Encyclical by Pope John Paul II, on Catholic social teaching

Laborem exercens (Latin: Through Work) is an encyclical written by Pope John Paul II in 1981, on human work. It is part of the larger body of Catholic social teaching, which traces its origin to Pope Leo XIII's 1891 encyclical Rerum novarum.

==Context==
It had become customary for popes to publish new writings on social issues at ten-year intervals since Rerum novarum, in order to develop the teachings in concert with the evolving social context as a result of the industrial and political revolutions of the 20th Century. Laborem exercens was written in honor of the 90th anniversary, and makes reference to Rerum novarum and to several of the subsequent writings.

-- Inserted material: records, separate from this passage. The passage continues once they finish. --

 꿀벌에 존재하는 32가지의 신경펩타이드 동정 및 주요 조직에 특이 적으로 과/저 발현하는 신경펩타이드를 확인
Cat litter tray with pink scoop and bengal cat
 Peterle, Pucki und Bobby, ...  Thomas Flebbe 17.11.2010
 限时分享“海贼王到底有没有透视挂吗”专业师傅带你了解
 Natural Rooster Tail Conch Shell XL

The pope was not able to issue the document on the May 15 anniversary because of the assassination attempt two days earlier. He published Laborem exercens a few months later, in September 1981.

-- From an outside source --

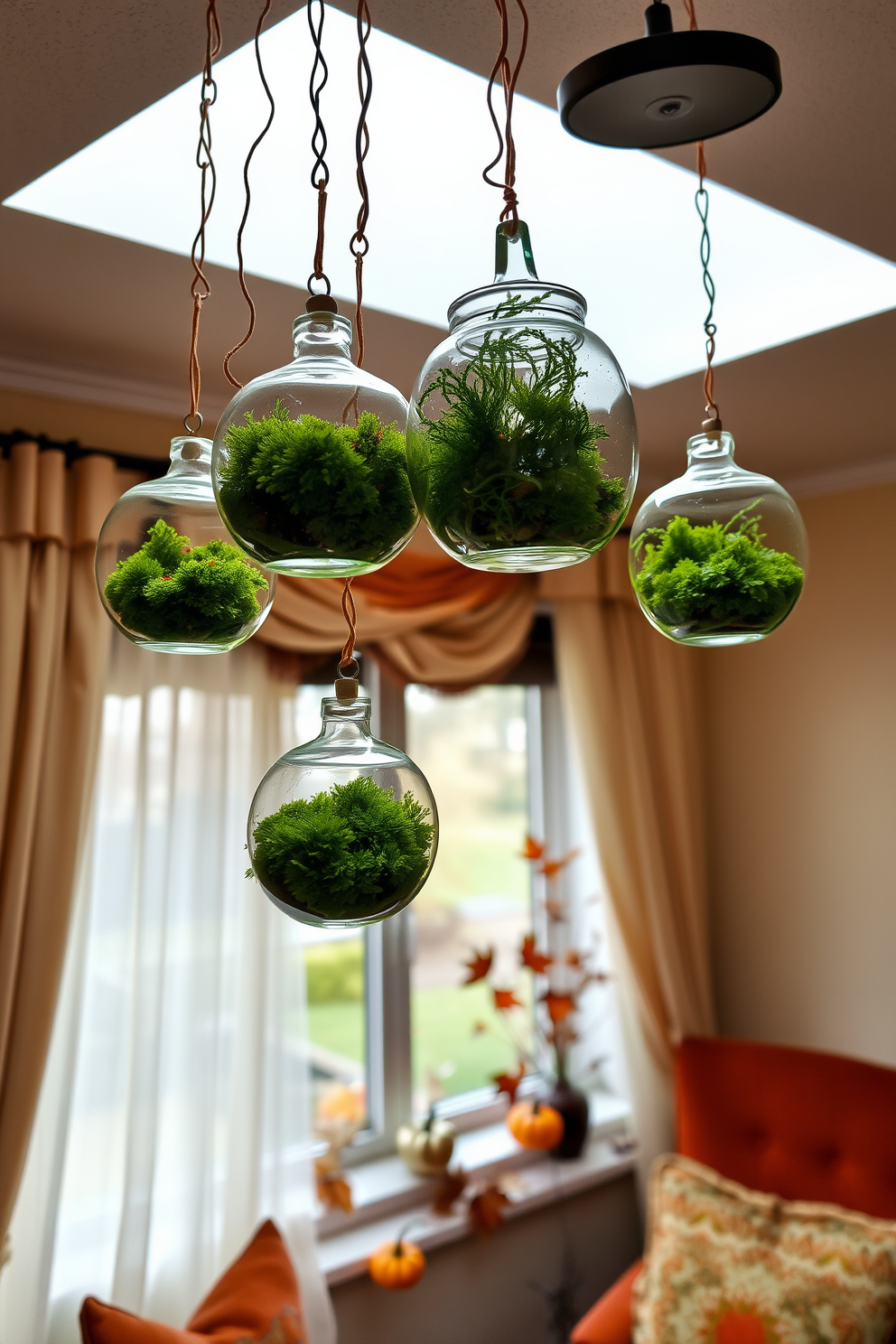 A cozy living room adorned with hanging glass terrariums filled with lush green moss. The terrariums dangle from the ceiling, creating a whimsical atmosphere that complements the warm autumn colors of the room. The window is beautifully decorated with seasonal elements like dried leaves and small pumpkins. Soft, sheer curtains frame the window, allowing natural light to filter through and enhance the inviting ambiance.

Some of the trends mentioned by John-Paul II within the encyclical are:
- Increased use of technology, especially information technology, which John Paul predicted would bring changes comparable to the Industrial Revolution of the previous century.
- Environmental issues. The pope noted that some resources, particularly oil, were becoming scarce. Also, the need to protect the environment was becoming apparent.
- People in the developing world wanted to be more involved in the global economy. John Paul welcomed this trend, but feared it would bring unemployment for many skilled workers as work was distributed more widely.
Not mentioned in the encyclical, but surely in John Paul’s mind as he addressed the question of work, was the foundation of Solidarity, an independent trade union with strong Catholic roots, in his native Poland in 1980. John Paul knew Lech Wałęsa, Solidarity’s founder, and had met with him more than once during a homecoming visit in 1979.

==Dignity of work==
Laborem exercens begins with a scriptural argument that work is an essential part of human nature.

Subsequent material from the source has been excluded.